Cumhurbaşkanı, ABD seyahatinde, işadamlarını, Türkiye’ye yatırım yapmaya, davet etti. Ancak, yıllardır bu tür davetler yapıldığı halde, üretimle ilgili bir yatırımın geldiğini görmedik.
Gelenler, sadece konut alanlar. Onlar da; Iraklılar, Afganistanlılar, Suriyeliler ve Suudi Arabistanlılar. Ve gittikçe azalıyorlar. (Bir milyon dolarlık alım yapanlara, vatandaşlık vaat edildiği halde.)
Asıl riskli olan durum; Türkiye’den yabancı ülkelere olan, sermaye ve beyin kaçışıdır. Zira; 2016’da, yurtdışından konut alan Türk zengin sayısı 6 bine yükseldi. (2015’te bin adet idi.) Ve Dünya’da dördüncü olduk.
Gayrimenkul dışında; şirket kurmalar, menkul alımları da söz konusu.
Barcelona, Yunanistan ve Miami ahalisi, sayemizde, daha zengin hale geliyorlar. Ülkemiz ise, gittikçe fakirleşiyor.
En önemlisi ise, beyin kaçışıdır. Süper evlatlarımızın kaybedilmesidir. Bunların, kendi vatanlarına hizmet etme ortamının sağlanmamasıdır.
Özellikle, 16 Nisan referandumundan sonra, daha da hızlanan, bu kaçışlara kızamıyoruz. Zira;
1- Ülkemizde; demokrasi ve hukuk düzeni; mal ve can güvenliği; fikir, ifade, inanç, teşebbüs hürriyetleri, kalmamıştır. Tam anlamı ile baskı, tehdit, korku rejimi hakim kılınmıştır. Saraya kul olmayanların, ne zaman, nerede tutuklanacağı; mallarına el konacağı, bilinmemektedir. Fertleri koruyacak bir hukuk düzeni mevcut değildir.
2- Enflasyon, işsizlik, TL’nin değer kaybı, ekonomik çöküntü, zirve yapmıştır. Esnaf, işçi, çiftçi, sanayici, herkes perişandır. Herkes, gırtlağına kadar borçludur. Üretime yönelik hiçbir yatırım yapılmamıştır. Mevcut tesisler de, özelleştirme adı altında, yandaşlara ve yabancılara peşkeş çekilmiştir.

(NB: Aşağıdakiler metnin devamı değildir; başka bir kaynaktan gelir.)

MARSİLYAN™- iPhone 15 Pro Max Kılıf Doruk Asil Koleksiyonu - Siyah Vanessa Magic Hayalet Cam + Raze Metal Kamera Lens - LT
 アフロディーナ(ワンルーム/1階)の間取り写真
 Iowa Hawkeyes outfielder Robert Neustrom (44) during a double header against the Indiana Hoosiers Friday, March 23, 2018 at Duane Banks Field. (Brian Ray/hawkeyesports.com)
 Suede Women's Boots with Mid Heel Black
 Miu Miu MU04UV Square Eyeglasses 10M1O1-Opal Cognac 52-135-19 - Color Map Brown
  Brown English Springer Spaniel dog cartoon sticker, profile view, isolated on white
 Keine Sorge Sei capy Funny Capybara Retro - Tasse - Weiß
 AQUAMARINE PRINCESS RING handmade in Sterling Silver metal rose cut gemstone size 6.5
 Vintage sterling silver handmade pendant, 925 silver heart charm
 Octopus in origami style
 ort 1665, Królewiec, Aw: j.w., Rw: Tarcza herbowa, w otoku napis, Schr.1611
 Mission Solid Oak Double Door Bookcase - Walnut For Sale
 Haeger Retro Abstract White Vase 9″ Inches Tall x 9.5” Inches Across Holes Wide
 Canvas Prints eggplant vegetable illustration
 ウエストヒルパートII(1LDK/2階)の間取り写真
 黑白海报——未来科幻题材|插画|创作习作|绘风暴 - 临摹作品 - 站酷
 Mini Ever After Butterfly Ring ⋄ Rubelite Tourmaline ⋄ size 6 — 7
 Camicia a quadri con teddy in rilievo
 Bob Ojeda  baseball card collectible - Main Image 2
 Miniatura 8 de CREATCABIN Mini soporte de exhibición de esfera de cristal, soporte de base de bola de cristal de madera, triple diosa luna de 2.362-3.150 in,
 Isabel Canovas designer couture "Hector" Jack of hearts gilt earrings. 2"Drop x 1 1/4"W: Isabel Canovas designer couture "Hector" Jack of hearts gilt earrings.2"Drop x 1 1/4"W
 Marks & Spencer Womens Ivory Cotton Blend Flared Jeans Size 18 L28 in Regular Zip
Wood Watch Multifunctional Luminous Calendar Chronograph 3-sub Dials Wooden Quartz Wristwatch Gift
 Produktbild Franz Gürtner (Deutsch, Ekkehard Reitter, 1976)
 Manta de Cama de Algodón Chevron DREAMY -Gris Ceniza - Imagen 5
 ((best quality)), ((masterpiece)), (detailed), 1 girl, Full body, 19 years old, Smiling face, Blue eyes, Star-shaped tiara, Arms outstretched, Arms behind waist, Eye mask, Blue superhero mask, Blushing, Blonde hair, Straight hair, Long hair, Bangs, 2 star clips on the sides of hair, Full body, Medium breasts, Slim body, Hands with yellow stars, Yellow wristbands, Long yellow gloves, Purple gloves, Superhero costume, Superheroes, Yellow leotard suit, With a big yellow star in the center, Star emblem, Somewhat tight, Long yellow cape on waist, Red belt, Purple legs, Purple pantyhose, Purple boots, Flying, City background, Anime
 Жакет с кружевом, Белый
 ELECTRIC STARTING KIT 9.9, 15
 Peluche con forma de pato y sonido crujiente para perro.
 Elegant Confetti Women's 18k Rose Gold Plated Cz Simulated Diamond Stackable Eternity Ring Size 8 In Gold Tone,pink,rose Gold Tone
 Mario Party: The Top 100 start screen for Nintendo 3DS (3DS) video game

3- Ülkemiz, fiilen (Suriye’de) savaşa sokulmuştur. İsrail, ABD, İngiltere, AB ihanetlerinin, başımıza daha ne dertler açacağı, belirsizdir. Bu ülkeler, aleni tarzda, terör örgütlerine destek vermektedirler. (ABD seyahatinin, bu konuda bir yararı olmamıştır. Ertesi gün, ABD temsilcisi, azılı PKK teröristleri ile buluşmuştur.
4- Eğitimin kalitesi, tüm merhalelerde dip yapmıştır. Tam anlamı ile çağdışı kalınmıştır. Yüksek teknolojiden mahrum edilmiştir.
5- Tüm milli, manevi ve ahlaki değerlerin içi boşaltılmıştır. Ülkemiz, tam anlamı ile bir ahlaki dejenerasyon batağına sürüklenmiştir. Rüşvet, yolsuzluklar, kumar, uyuşturucu, sapıklık, cinayetler, fuhuş, tecavüzler, kul hakkına tecavüz, şirk günahları zirve yapmıştır. Okumayan, araştırmayan, tefekkür etmeyen, aklını kullanmayan, kula kul olan, ufuksuz, çıkarcı, rahatlıkla yalan söyleyen bir toplum inşa edilmiştir. (Rabbim (cc), hepimizin evlatlarını ve torunlarını korusun.)
- a) Türk Milleti; Ahmet Yesevi Hazretlerinden intikal eden; İmam Ebu Hanife veya İmam Maturidi (Her ikisi de Türk’tür) müntesibi olarak; bilime, aklı kullanmaya, tefekküre çok önem veren, bir inanca sahipti. Ne yazık ki; AKP döneminde, Emevi döneminin yanlış düşünceleri, Şia ve Vahhabiliğin sapıklıkları hakim kılındı. Seks faktörü ön plana çıkarıldı. Şirk, haram, rüşvet, kul hakkı vb. kavramların içi boşaltıldı. Liyakat sistemi terk edildi.
- b) En önemlisi de; okuma, araştırma, tefekkür, fen bilimlerine ve yüksek teknolojiye ilgi, yok edildi. Cahil bir toplum olduk. (İmam Hatip okulları en acıklı örnektir. Her tarafa, bu okulları açıyorlar. Ama, maalesef, ciddi bir eğitim vermiyorlar. Evlatlarımızı cahil bırakıyorlar. Kolaylıkla yönlendirilen, aldatılabilen, sorgulamayan, eğitimsiz, pısırık, bir toplumu hedefliyorlar.)
İşte, bu tablolar yüzünden, Ülkemizin geleceği adına, çok üzülüyoruz, endişeleniyoruz, feryat ediyoruz. Halkımızı uyarmaya gayret ediyoruz. Ve yurtdışına gidenlere kızamıyoruz.